Brown Students Say $100 Million Diversity Plan is NOT ENOUGH

By Blake Neff Published on December 4, 2015

Students at Brown University occupied the president’s office Thursday afternoon to protest a proposed $100 million diversity action plan, arguing it doesn’t go far enough.

Two weeks ago, in response nationwide Black Lives Matter protests, Brown president Christina Paxson announced a $100 million plan intended to create a “just and inclusive campus.” The plan included doubling the number of faculty from underrepresented groups, providing more aid to low-income students, and crafting special student workshops for “structural racism.” Officially, the plan hasn’t been adopted, and was instead in an open feedback period lasting through Dec. 4, with a final draft expected by the end of the semester.
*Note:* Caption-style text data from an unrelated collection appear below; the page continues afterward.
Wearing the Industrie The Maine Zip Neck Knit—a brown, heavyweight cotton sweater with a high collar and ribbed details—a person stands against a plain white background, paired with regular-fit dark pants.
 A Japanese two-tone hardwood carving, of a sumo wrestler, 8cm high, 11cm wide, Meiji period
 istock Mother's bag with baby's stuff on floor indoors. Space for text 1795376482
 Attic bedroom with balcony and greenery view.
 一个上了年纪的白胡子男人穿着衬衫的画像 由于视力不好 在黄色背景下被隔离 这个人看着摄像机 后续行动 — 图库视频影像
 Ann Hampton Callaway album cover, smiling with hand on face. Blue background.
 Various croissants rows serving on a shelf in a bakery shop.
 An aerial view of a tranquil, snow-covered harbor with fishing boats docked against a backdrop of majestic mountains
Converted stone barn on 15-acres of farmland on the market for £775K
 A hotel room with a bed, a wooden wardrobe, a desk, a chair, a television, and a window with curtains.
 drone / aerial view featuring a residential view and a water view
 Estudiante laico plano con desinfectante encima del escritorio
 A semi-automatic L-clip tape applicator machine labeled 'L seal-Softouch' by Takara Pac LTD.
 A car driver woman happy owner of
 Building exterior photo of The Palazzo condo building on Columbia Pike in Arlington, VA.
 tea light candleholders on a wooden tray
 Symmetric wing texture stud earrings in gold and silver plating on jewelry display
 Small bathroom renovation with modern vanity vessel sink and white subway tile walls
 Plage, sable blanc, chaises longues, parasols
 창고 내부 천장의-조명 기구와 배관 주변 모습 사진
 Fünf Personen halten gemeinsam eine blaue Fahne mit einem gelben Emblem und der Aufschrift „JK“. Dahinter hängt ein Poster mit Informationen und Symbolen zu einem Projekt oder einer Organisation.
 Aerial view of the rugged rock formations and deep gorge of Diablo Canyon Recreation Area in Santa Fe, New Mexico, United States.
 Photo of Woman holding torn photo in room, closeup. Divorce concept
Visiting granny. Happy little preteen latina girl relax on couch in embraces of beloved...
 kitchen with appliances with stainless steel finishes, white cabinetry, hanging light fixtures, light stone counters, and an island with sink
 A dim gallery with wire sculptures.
But now, protesters from a group calling itself Brown Together have rebelled, claiming the plan is too tame, that they’re fed up with the university’s failure to capitulate entirely. Brown Together launched what they called a “Day of Reclamation” Thursday, moving en masse to hijack Paxson’s office to read a statement denouncing the administration’s actions thus far.

“The Diversity Action and Inclusion Plan is illegitimate and insufficient,” they asserted. “As a result of the arbitrary deadline of the feedback forum for the diversity action and inclusion plan closing on December 4, 2015, the administration has not acknowledged our countless and persistent demands to this institution.”

The students then declared that, rather than wait for the university to act, they would be crafting new demands on their own with the expectation the school would adopt them in their entirety.

“We are tired of open dialogues and forums, and we will not be tokenized and exploited in these conversations any further,” they said.

They also implied the school should be paying them for their efforts, complaining they were being compelled to serve as “unpaid diversity consultants.”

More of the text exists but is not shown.